Schlankheitswahn (Ein Fall für Lizzy Gardner) (German Edition)
In meinem früheren Leben, bevor ich Ehefrau und Mutter wurde, war ich Managerin in einem großen Kaufhaus. Da habe ich mich auch um Personalfragen gekümmert. Wenn jemand beim Einstellungsgespräch gelogen hat, habe ich das sofort gemerkt. Ich hab schon immer auf mein Bauchgefühl gesetzt. Es hat ja wohl seine Gründe, warum wir Menschen Instinkte haben. Ich traue Melbourne nicht. Als er mir sagte, er hätte meine Schwester seit Monaten nicht gesehen, hab ich ihm nicht geglaubt.«
Lizzy blätterte zurück zum Abschnitt Polizei.
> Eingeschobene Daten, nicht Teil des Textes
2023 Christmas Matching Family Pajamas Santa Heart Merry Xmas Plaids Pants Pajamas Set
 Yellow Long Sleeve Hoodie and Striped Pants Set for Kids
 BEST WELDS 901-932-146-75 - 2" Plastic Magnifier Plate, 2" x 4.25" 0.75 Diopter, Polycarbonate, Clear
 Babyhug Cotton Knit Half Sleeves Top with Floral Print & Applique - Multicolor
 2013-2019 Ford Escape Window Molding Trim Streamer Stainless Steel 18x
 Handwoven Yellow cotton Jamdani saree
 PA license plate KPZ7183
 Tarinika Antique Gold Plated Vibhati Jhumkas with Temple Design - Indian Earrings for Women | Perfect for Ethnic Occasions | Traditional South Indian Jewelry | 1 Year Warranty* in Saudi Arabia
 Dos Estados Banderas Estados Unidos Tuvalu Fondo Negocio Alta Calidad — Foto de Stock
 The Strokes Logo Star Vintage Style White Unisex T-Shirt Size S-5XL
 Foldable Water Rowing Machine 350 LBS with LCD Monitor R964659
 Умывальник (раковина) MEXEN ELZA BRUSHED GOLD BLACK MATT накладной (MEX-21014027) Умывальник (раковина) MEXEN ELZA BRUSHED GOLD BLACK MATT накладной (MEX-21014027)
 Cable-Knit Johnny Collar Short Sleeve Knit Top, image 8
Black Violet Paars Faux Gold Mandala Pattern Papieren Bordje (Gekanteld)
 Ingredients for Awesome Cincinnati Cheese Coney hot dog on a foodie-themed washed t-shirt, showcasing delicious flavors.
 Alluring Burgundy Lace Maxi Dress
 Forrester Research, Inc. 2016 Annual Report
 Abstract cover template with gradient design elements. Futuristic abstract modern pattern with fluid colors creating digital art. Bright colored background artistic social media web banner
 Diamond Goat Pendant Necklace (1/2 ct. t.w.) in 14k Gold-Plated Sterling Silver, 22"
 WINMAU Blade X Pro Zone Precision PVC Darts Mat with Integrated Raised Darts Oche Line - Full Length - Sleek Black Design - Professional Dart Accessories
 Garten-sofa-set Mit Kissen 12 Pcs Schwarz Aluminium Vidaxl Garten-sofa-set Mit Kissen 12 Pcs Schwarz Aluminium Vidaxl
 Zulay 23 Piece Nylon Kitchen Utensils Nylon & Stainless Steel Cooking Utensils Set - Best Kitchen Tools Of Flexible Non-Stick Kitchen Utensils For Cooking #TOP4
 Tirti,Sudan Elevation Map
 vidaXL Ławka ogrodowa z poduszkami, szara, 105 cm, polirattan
Darin hatte Andrea eine Kopie des kompletten Polizeiprotokolls abgeheftet. »Hier steht, Diane hätte ein paar Tage vor ihrem Verschwinden ihr Sparkonto geplündert. Ihren Führerschein, ihre Brieftasche und sonstige Habseligkeiten hat man nie gefunden. Das deutet darauf hin, dass sie aus eigenen Stücken gegangen ist.«
»Schon richtig«, sagte Andrea. »Aber hören Sie mir bitte weiter zu. Könnte Diane nicht irgendwohin gegangen sein, um abzunehmen? Was wäre, wenn sie diese größere Summe Bargeld Melbourne gegeben hätte? Vielleicht für irgendwelche … was weiß ich … Wunderpillen oder eine verrückte Diät, von der sie glaubte, dass sie ein für alle Mal helfen wird?«
»Haben Sie das bei Ihrem Gespräch mit Melbourne durchblicken lassen?«
»Ja.«
»Und?«
»Er hat nur gelacht. Aber dann hat er für einen Sekundenbruchteil weggeschaut. Anthony Melbourne hat eindeutig gelogen. Sämtliche Anzeichen waren da: wegschauen, stammeln und in einemausweichenden Ton reden. Ich will ihm ja nicht unterstellen, er hätte meine Schwester umgebracht, obwohl ich es ihm zutrauen würde. Aber mein Bauchgefühl sagt mir, dass er etwas weiß.«
»Hat die Polizei schon mit Melbourne gesprochen?«
»Zweimal. Die sagen, er hätte sich äußerst kooperativ verhalten. Hat denen sogar seine Unterlagen gezeigt, aus denen hervorgeht, dass meine Schwester seine DVDs, T-Shirts und alle seine Bücher gekauft hat. Sie haben auch bestätigt, dass Diane zwei seiner Workshops besucht hat, einen in San Francisco und einen hier in Sacramento, und zwar nur ein paar Wochen vor ihrem Verschwinden.«
»Was ist mit festen Freunden?«
»Diane hatte noch nie einen.«
»Hat sie sich nie mit Männern getroffen?«
»Nicht, dass ich wüsste.«
»Freundinnen?«
Andrea deutete auf die Mappe. »Sehen Sie unter dem gelben Reiter nach, auf dem ›Freunde‹ steht. Ihre beste Freundin ist Lori Mulcher. Die beiden haben sich in Chico kennengelernt, sind zusammen aufs College gegangen. Nach ihrem Abschluss haben sie beide eine Anstellung an der Förderschule bekommen.«
»Dann finde ich also alles, was Sie über Ihre Schwester wissen, in dieser Mappe?«
»Richtig.«
»Sie sind sich also hundert Prozent sicher, dass Ihre Schwester Ihnen nichts verheimlicht hat. Hatte sie vielleicht irgendwelche ungewöhnlichen Hobbys?«
»Ich verstehe nicht ganz, was Sie meinen.«
»Drogen, Männer, Glücksspiel?«
Andrea schüttelte den Kopf. »Das hätte sie mir gesagt.«
»Das glauben Sie. Aber ganz sicher sind Sie sich nicht, das kann ich in Ihren Augen sehen.«
Andrea senkte den Blick und schien intensiv über etwas nachzudenken … oder vielleicht darüber, wie viel sie preisgeben sollte.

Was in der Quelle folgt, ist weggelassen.